(Caption-style text data)
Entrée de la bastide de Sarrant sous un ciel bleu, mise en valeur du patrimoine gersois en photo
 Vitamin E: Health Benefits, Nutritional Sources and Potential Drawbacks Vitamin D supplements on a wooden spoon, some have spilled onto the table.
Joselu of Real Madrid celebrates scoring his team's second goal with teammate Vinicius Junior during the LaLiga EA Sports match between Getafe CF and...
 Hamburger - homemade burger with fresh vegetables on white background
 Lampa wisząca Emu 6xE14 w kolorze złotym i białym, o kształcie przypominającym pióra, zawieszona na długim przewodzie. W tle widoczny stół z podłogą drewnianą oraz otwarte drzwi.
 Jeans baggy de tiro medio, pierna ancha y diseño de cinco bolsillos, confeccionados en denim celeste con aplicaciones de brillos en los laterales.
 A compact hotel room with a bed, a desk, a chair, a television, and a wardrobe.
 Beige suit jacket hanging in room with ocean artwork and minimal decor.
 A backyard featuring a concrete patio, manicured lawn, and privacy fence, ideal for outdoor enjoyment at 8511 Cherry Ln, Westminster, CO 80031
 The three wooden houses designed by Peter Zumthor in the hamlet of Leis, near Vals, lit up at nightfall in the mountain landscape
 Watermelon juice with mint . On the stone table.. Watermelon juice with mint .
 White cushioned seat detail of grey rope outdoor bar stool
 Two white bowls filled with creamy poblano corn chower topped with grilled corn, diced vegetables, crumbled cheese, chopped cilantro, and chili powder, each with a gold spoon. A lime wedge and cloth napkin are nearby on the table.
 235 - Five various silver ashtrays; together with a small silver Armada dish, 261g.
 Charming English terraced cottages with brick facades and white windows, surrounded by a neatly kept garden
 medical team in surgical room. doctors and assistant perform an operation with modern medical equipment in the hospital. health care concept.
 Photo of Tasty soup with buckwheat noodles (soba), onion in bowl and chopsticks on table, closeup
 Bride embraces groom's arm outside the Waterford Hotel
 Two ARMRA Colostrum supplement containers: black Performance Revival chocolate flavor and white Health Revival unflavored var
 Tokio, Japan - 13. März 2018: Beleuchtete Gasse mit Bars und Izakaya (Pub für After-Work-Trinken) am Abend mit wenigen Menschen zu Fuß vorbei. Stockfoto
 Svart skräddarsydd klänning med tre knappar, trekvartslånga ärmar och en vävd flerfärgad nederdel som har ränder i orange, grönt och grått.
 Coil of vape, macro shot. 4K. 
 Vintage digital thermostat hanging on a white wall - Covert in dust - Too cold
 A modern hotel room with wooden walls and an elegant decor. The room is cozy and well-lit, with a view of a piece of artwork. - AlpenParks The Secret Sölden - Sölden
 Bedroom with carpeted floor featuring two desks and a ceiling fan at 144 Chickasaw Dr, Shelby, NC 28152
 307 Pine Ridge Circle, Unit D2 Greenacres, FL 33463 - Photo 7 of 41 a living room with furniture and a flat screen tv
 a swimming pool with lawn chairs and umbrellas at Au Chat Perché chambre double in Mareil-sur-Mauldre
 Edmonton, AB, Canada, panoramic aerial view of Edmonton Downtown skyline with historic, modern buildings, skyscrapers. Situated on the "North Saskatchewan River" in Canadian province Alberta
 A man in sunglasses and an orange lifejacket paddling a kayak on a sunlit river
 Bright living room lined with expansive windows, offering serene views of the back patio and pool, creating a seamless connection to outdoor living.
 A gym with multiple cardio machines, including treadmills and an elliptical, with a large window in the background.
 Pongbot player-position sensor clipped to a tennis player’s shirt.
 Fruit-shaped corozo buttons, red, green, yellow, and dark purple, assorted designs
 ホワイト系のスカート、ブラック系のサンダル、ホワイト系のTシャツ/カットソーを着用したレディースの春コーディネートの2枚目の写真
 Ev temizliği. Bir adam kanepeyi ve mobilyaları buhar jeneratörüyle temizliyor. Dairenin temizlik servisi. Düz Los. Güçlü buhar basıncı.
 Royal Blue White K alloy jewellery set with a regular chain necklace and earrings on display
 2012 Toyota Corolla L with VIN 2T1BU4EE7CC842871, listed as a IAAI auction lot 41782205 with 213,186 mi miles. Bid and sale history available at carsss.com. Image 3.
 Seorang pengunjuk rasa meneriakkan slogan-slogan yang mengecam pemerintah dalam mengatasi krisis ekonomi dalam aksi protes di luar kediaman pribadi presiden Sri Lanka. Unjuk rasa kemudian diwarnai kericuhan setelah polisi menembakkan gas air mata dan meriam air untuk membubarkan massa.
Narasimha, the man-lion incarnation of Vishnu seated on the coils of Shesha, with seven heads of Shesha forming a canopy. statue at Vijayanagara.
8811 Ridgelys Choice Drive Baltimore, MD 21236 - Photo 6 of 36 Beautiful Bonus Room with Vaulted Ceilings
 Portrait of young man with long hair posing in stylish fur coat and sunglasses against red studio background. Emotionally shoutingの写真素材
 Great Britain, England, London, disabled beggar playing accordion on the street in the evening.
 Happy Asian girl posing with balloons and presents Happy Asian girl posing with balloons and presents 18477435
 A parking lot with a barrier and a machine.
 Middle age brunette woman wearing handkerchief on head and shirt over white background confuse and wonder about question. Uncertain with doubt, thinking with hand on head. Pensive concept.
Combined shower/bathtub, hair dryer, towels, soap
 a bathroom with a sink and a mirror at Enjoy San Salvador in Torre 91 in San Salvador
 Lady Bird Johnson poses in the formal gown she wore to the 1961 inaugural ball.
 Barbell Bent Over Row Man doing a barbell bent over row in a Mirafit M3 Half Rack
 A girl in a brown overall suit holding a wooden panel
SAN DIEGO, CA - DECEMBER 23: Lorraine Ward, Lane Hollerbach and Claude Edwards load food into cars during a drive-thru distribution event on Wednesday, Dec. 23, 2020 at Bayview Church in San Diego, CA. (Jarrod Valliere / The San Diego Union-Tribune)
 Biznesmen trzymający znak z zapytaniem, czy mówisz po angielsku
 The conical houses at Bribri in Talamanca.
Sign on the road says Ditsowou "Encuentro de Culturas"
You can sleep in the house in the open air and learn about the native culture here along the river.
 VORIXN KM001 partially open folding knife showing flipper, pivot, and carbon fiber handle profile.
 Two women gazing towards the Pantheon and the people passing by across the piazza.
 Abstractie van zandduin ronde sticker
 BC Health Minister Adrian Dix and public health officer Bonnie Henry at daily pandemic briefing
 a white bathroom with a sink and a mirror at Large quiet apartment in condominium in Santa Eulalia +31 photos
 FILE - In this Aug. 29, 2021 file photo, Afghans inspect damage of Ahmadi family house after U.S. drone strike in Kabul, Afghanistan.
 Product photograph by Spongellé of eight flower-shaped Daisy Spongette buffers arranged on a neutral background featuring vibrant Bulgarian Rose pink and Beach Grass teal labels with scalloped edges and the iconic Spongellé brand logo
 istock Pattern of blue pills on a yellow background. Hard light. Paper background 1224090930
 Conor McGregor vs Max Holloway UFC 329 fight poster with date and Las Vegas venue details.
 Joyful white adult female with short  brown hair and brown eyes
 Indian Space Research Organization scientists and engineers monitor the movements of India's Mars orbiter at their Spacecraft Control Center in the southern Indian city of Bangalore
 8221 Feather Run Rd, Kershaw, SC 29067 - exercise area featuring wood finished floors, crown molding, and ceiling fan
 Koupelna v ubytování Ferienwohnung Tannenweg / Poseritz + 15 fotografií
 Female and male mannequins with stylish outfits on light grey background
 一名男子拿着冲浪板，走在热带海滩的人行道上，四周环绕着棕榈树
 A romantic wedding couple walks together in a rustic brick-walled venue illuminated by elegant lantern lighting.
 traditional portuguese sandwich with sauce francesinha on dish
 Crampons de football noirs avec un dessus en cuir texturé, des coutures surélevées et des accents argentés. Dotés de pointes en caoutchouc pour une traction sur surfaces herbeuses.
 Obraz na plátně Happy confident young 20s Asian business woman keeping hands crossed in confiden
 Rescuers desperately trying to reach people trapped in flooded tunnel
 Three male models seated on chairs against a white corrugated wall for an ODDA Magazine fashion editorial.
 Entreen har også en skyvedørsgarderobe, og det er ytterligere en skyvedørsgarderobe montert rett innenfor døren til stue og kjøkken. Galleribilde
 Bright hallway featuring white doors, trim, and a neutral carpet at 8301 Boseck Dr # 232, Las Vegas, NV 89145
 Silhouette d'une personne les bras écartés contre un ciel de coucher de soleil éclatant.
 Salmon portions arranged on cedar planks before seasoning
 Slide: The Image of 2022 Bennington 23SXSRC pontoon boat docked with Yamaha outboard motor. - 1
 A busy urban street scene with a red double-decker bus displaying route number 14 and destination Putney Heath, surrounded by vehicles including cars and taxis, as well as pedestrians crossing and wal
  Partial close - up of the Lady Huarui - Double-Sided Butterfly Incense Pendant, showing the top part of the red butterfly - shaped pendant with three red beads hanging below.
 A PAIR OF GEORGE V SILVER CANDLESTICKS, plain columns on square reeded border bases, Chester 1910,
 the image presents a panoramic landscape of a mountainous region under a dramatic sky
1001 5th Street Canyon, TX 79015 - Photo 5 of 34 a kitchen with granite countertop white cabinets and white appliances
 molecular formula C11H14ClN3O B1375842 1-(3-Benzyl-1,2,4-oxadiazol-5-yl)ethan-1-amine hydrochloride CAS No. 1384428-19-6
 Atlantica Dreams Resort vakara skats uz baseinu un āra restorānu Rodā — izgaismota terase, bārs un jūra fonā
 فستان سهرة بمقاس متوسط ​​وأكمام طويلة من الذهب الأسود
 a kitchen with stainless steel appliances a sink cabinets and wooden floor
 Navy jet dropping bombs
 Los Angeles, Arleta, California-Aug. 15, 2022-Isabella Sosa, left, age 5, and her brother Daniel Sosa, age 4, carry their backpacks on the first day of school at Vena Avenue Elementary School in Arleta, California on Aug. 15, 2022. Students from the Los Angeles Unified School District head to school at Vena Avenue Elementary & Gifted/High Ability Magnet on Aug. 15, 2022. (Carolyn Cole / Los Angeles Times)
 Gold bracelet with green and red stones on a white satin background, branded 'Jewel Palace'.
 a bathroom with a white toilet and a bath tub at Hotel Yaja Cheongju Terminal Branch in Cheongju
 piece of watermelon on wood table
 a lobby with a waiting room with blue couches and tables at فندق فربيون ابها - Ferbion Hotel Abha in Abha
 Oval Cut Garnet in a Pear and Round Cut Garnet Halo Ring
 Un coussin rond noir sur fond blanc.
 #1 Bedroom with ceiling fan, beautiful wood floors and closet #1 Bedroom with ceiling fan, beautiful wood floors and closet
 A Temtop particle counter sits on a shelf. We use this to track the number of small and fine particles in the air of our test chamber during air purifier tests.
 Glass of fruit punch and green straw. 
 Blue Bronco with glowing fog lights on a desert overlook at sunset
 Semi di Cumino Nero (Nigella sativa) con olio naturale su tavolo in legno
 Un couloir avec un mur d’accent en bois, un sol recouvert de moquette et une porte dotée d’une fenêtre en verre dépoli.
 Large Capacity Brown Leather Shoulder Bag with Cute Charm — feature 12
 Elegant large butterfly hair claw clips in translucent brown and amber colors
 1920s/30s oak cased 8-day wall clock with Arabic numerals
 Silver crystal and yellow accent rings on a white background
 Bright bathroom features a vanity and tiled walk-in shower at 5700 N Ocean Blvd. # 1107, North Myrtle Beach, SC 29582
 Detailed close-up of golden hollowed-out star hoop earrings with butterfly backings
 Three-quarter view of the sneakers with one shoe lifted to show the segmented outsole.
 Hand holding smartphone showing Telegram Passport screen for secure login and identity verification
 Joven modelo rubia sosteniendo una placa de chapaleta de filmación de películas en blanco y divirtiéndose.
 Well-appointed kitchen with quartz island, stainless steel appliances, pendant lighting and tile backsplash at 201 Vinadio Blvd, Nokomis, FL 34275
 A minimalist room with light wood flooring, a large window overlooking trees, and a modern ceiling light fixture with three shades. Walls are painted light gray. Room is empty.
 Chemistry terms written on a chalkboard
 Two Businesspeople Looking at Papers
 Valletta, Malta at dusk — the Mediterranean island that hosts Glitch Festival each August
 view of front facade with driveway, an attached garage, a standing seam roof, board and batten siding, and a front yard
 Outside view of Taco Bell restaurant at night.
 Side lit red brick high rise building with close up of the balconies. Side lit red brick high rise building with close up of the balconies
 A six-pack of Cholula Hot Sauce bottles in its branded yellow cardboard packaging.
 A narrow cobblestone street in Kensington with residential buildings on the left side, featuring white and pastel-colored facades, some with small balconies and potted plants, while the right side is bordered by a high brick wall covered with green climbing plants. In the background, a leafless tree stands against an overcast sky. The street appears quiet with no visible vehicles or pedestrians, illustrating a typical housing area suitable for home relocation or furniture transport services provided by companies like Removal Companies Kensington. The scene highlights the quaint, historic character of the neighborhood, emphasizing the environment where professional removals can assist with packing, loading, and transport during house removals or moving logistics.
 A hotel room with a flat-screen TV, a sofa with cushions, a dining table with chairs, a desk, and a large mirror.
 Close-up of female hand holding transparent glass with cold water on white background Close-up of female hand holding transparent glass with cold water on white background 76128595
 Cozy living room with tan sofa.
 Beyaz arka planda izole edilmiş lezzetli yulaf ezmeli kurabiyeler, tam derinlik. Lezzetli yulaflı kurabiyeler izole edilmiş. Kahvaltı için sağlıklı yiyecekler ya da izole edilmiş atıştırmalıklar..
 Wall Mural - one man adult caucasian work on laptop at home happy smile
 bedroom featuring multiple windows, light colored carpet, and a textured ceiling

The problem: The first line of the entries, the line with "Two white bowls", and every line between them should be retyped exactly, and nothing else.

Answer space:
Entrée de la bastide de Sarrant sous un ciel bleu, mise en valeur du patrimoine gersois en photo
 Vitamin E: Health Benefits, Nutritional Sources and Potential Drawbacks Vitamin D supplements on a wooden spoon, some have spilled onto the table.
Joselu of Real Madrid celebrates scoring his team's second goal with teammate Vinicius Junior during the LaLiga EA Sports match between Getafe CF and...
 Hamburger - homemade burger with fresh vegetables on white background
 Lampa wisząca Emu 6xE14 w kolorze złotym i białym, o kształcie przypominającym pióra, zawieszona na długim przewodzie. W tle widoczny stół z podłogą drewnianą oraz otwarte drzwi.
 Jeans baggy de tiro medio, pierna ancha y diseño de cinco bolsillos, confeccionados en denim celeste con aplicaciones de brillos en los laterales.
 A compact hotel room with a bed, a desk, a chair, a television, and a wardrobe.
 Beige suit jacket hanging in room with ocean artwork and minimal decor.
 A backyard featuring a concrete patio, manicured lawn, and privacy fence, ideal for outdoor enjoyment at 8511 Cherry Ln, Westminster, CO 80031
 The three wooden houses designed by Peter Zumthor in the hamlet of Leis, near Vals, lit up at nightfall in the mountain landscape
 Watermelon juice with mint . On the stone table.. Watermelon juice with mint .
 White cushioned seat detail of grey rope outdoor bar stool
 Two white bowls filled with creamy poblano corn chower topped with grilled corn, diced vegetables, crumbled cheese, chopped cilantro, and chili powder, each with a gold spoon. A lime wedge and cloth napkin are nearby on the table.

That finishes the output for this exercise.